I'll see if I can figure out a way to test that. Does 947134d9b00f
("x86/smpboot: Do not use smp_num_siblings in __max_logical_packages
calculation") help?

P.

2018-02-07 19:27:53

by Simon Gaiser

[permalink] [raw]
Subject: Re: [v6,3/3] x86/smpboot: Fix __max_logical_packages estimate

Prarit Bhargava:
> On 02/07/2018 01:44 PM, Simon Gaiser wrote:
>> Prarit Bhargava:
>>> A system booted with a small number of cores enabled per package
>>> panics because the estimate of __max_logical_packages is too low.
>>> This occurs when the total number of active cores across all packages
>>> is less than the maximum core count for a single package.
>>>
>>> ie) On a 4 package system with 20 cores/package where only 4 cores
>>> are enabled on each package, the value of __max_logical_packages is
>>> calculated as DIV_ROUND_UP(16 / 20) = 1 and not 4.
>>>
>>> Calculate __max_logical_packages after the cpu enumeration has completed.
>>> Use the boot cpu's data to extrapolate the number of packages.
>>>
>>> Signed-off-by: Prarit Bhargava <[email protected]>
>>> Cc: Thomas Gleixner <[email protected]>
>>> Cc: Ingo Molnar <[email protected]>
>>> Cc: "H. Peter Anvin" <[email protected]>
>>> Cc: [email protected]
>>> Cc: Peter Zijlstra <[email protected]>
>>> Cc: Andi Kleen <[email protected]>
>>> Cc: Dave Hansen <[email protected]>
>>> Cc: Piotr Luc <[email protected]>
>>> Cc: Kan Liang <[email protected]>
>>> Cc: Borislav Petkov <[email protected]>
>>> Cc: Stephane Eranian <[email protected]>
>>> Cc: Prarit Bhargava <[email protected]>
>>> Cc: Arvind Yadav <[email protected]>
>>> Cc: Andy Lutomirski <[email protected]>
>>> Cc: Christian Borntraeger <[email protected]>
>>> Cc: "Kirill A. Shutemov" <[email protected]>
>>> Cc: Tom Lendacky <[email protected]>
>>> Cc: He Chen <[email protected]>
>>> Cc: Mathias Krause <[email protected]>
>>> Cc: Tim Chen <[email protected]>
>>> Cc: Vitaly Kuznetsov <[email protected]>
>>> ---
>>> arch/x86/kernel/smpboot.c | 55 +++++++++--------------------------------------
>>> 1 file changed, 10 insertions(+), 45 deletions(-)
>>>
>>> diff --git a/arch/x86/kernel/smpboot.c b/arch/x86/kernel/smpboot.c
>>> index 838d36ff7ba6..2e3c5a394e79 100644
>>> --- a/arch/x86/kernel/smpboot.c
>>> +++ b/arch/x86/kernel/smpboot.c
>>> @@ -308,12 +308,6 @@ int topology_update_package_map(unsigned int pkg, unsigned int cpu)
>>> if (new >= 0)
>>> goto found;
>>>
>>> - if (logical_packages >= __max_logical_packages) {
>>> - pr_warn("Package %u of CPU %u exceeds BIOS package data %u.\n",
>>> - logical_packages, cpu, __max_logical_packages);
>>> - return -ENOSPC;
>>> - }
>>> -
>>> new = logical_packages++;
>>> if (new != pkg)
>>> pr_info("CPU %u Converting physical %u to logical package %u\n",
>>> @@ -323,44 +317,6 @@ int topology_update_package_map(unsigned int pkg, unsigned int cpu)
>>> return 0;
>>> }
>>>
>>> -static void __init smp_init_package_map(struct cpuinfo_x86 *c, unsigned int cpu)
>>> -{
>>> - unsigned int ncpus;
>>> -
>>> - /*
>>> - * Today neither Intel nor AMD support heterogenous systems.
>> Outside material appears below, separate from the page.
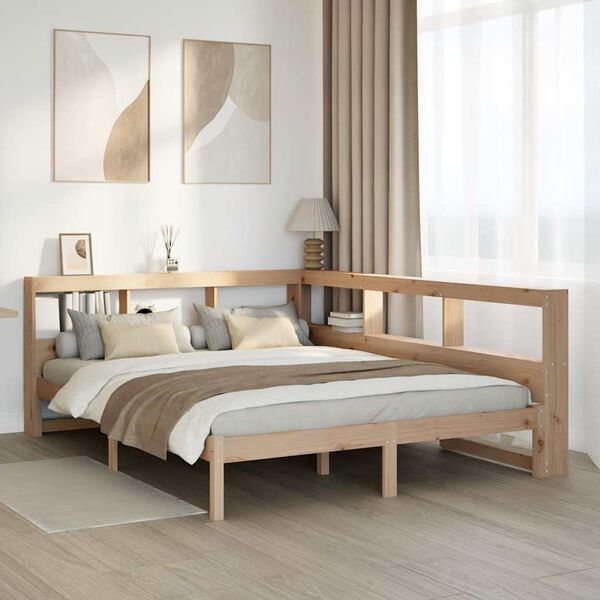 vidaXL Letto Libreria senza Materasso 135x190 cm in Legno di Pino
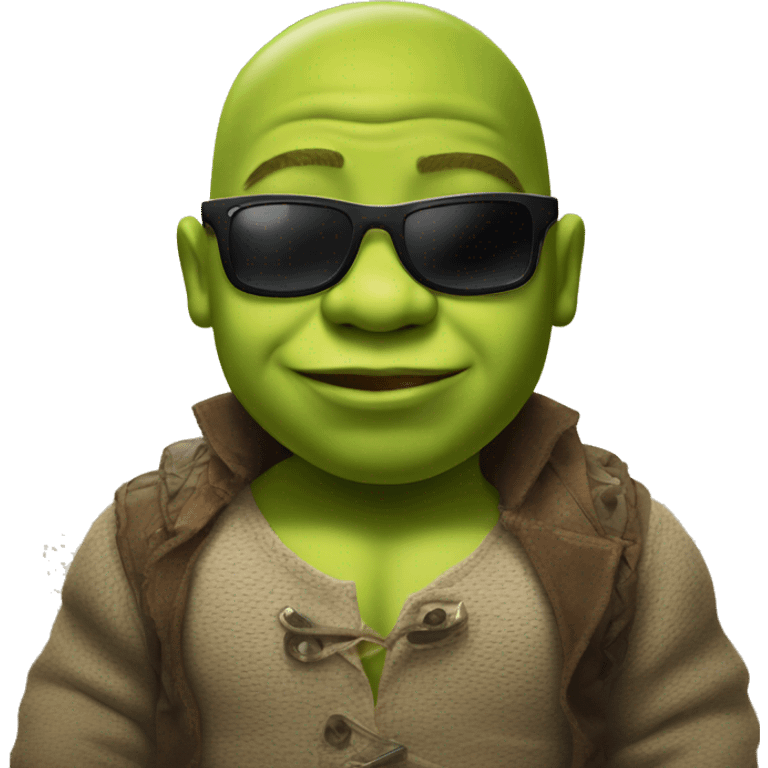 Baby shrek with sunglasses on emoji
That
>>> - * might change in the future....
>>> - *
>>> - * While ideally we'd want '* smp_num_siblings' in the below @ncpus
>>> - * computation, this won't actually work since some Intel BIOSes
>>> - * report inconsistent HT data when they disable HT.
>>> - *
>>> - * In particular, they reduce the APIC-IDs to only include the cores,
>>> - * but leave the CPUID topology to say there are (2) siblings.
>>> - * This means we don't know how many threads there will be until
>>> - * after the APIC enumeration.
>>> - *
>>> - * By not including this we'll sometimes over-estimate the number of
>>> - * logical packages by the amount of !present siblings, but this is
>>> - * still better than MAX_LOCAL_APIC.
>>> - *
>>> - * We use total_cpus not nr_cpu_ids because nr_cpu_ids can be limited
>>> - * on the command line leading to a similar issue as the HT disable
>>> - * problem because the hyperthreads are usually enumerated after the
>>> - * primary cores.
>>> - */
>>> - ncpus = boot_cpu_data.x86_max_cores;
>>> - if (!ncpus) {
>>> - pr_warn("x86_max_cores == zero !?!?");
>>> - ncpus = 1;
>>> - }
>>> -
>>> - __max_logical_packages = DIV_ROUND_UP(total_cpus, ncpus);
>>> - pr_info("Max logical packages: %u\n", __max_logical_packages);
>>> -
>>> - topology_update_package_map(c->phys_proc_id, cpu);
>>> -}
>>> -
>>> void __init smp_store_boot_cpu_info(void)
>>> {
>>> int id = 0; /* CPU 0 */
>>> @@ -368,7 +324,7 @@ void __init smp_store_boot_cpu_info(void)
>>>
>>> *c = boot_cpu_data;
>>> c->cpu_index = id;
>>> - smp_init_package_map(c, id);
>>> + topology_update_package_map(c->phys_proc_id, id);
>>> cpu_data(id).set = 1;
>>> }
>>>
>>> @@ -1371,7 +1327,16 @@ void __init native_smp_prepare_boot_cpu(void)
>>>
>>> void __init native_smp_cpus_done(unsigned int max_cpus)
>>> {
>>> + int ncpus;
>>> +
>>> pr_debug("Boot done\n");
>>> + /*
>>> + * Today neither Intel nor AMD support heterogenous systems so
>>> + * extrapolate the boot cpu's data to all packages.
>>> + */
>>> + ncpus = cpu_data(0).booted_cores * smp_num_siblings;
>>> + __max_logical_packages = DIV_ROUND_UP(nr_cpu_ids, ncpus);
>>> + pr_info("Max logical packages: %u\n", __max_logical_packages);
>>>
>>> if (x86_has_numa_in_package)
>>> set_sched_topology(x86_numa_in_package_topology);
>>
>> This breaks booting as Xen PV domain for me. The problem seems to be
>> that native_smp_cpus_done() is never called on a PV domain. So
>> __max_logical_packages is uninitialized and this leads to a NULL
>> pointer dereference in coretemp.
>>
>
> I'll see if I can figure out a way to test that.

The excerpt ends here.